The origin of the Internet is no longer about its immediate genesis. The fact that Tim Berners-Lee implemented the first ever communication between an http client and server on December 25, 1990, is no longer interesting. Instead the Web's development has gone the way of most revolutionary phenomena: if reexamined the right way (whether backwards, after drinking a magical concoction, or by substituting every third letter with "e") it eventually seems like a prophesied inevitability.
Alex Wright's recent New York Times article "The Web that Time Forgot" is not exactly prophetic, but it does contextualize the inter-web as a preexisting concept. Wright investigates the case of Paul Otlet, the oft-overlooked founder of Information Science whose concepts for a vast interlinked web of documents, files, and images prefigures the Internet by about 50 years. Among other innovative ideas, Otlet's index card-based system anticipated hyperlinking, a feature that infinitely expands the information in a given text.
And yet, Wright's analysis is just one of several projected genealogies that reconstructs this evolution.
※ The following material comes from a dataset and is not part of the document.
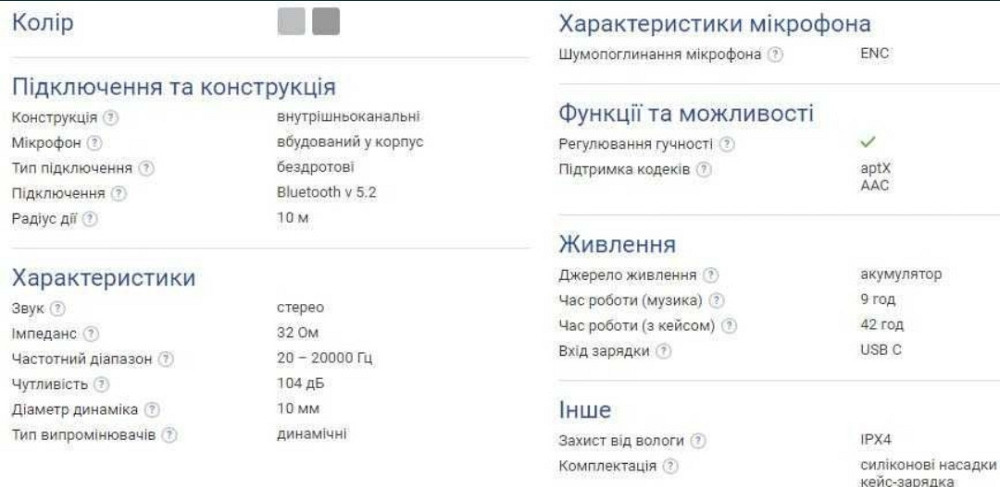 Наушники Беспроводные вкладыши: TWS Shanling MTW200 TWS Gray. Харьков - изображение 2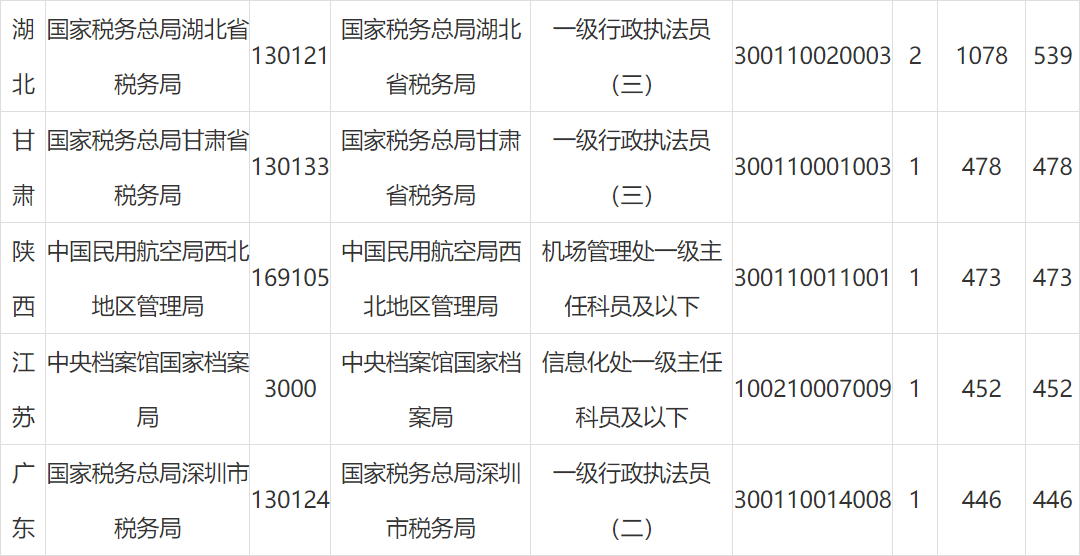 岗位|国考报名第四日：报名人数超30万，最热岗位1011:1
In fact, The New York Times ran a similar piece called "Borges and the Foreseeable Future" just six months earlier. In this article, Noam Cohen argued that the Argentine author's stories also presaged Web 2.0. It's a provocative assertion, but Cohen's examples have a forced quality that evokes the single-minded perspective of a Nostradamus enthusiast more so than a discerning journalist (which he typically is).